Malformed hlist rendering due to missing linebreaks between list items
Closed, ResolvedPublic

Description

As reported on
https://en.wikipedia.org/w/index.php?title=MediaWiki_talk:Common.css&oldid=508829963#Unexpected_behavior
for some reason, MediaWiki mess up the HTML code when the MediaWiki:Recentchangestext page is added to the top of the Special:RecentChanges, and this breaks some CSS formatting.

There should be a line break between "</li>" and "<li>".


Version: unspecified
Severity: normal
URL: https://test.wikipedia.org/w/index.php?diff=prev&oldid=140930&diffonly=1
See Also:
https://bugzilla.wikimedia.org/show_bug.cgi?id=35806
https://bugzilla.wikimedia.org/show_bug.cgi?id=56809

bzimport added a subscriber: Unknown Object (MLST).
bzimport set Reference to bz39617.
He7d3r created this task.Aug 24 2012, 1:41 PM

It is normal, that the use of the message shows other than the MediaWiki-page, because the message does not goes trougth HTML Tidy like all wiki pages.

Well, my local copy of MW has $wgUseTidy = true; and the problem is visible also in the "Hlist test" page in the main namespace. Therefore Tidy doesn't seems to be the culprit.

The 'problem' seems to be that Tidy *doesn't* insert linebreaks, because Special: pages don't go through Tidy. The .hlist CSS has been fixed to work around this problem, making it more universally applicable to boot. So closing this as this is not a MediaWiki problem.

...Unfortunately...

The CSS fix caused .hnum formatting to break. This has been fixed, with the ceveat that .hnum cannot be used in Special: pages.

Since Special: pages often contain payload from MediaWiki: space, including HTML, does that not warrant letting Tidy run it's course on Special: pages as well?

Or better yet... While </li><li> may not be strictly invalid, it looks rather sloppy. Since lists are block level elements, I feel it is better to have a \n after any </ol>, </ul>, </li>, </dl>, </dt> and </dd> in parser.php. That should be a simple change which would prevent a heap of problems.

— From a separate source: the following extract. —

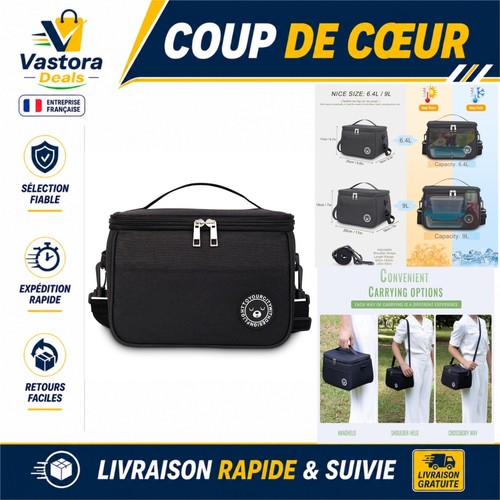 Sac isotherme repas 4l - repas, 6.4l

Renamed the bug to indicate the cause and summarizing issue:

Horizontal lists are malformed on Special: pages because Tidy does not process these pages. Specifically, the lists lack a breakable character betweeen list items, causing the browsers to fail to wrap the list properly. While technically valid HTML, hlist depends on something breakable between list items.

I see two solutions:

  1. Have Tidy process any Special: pages that transclude any (part of) user editable pages (such as MediaWiki: messages)
  1. I have a patch ready for gerrit that makes parser.php terminate any closing list element with a linebreak.

Personally, I prefer the second option; it removes hlist's dependancy on Tidy (doing so may even lessen the load on Tidy in general). But I also feel that Tidy should process any (transcluded) user content, even on non-user generated pages.

dymsza wrote:

Hey, Could you post this patch i would like to apply it on my wiki.

Still learning Git. But the quick fix (should you want to do it manualy) is to find the following string in parser.php:

</li><li>

and change it to:

</li>\n<li>

My patch (once it's done) will also terminate all other closing tags with a linebreak, but the above should fix any immediate hlist problems.

kevinph wrote:

Thanks for this great solution Dokter! Just wanted to add a clarification for n00bs like myself that I had to change it from '</li><li>' to '</li>'."\n".'<li>' for it to parse correctly. The original suggestion just gave me \n in my actual text.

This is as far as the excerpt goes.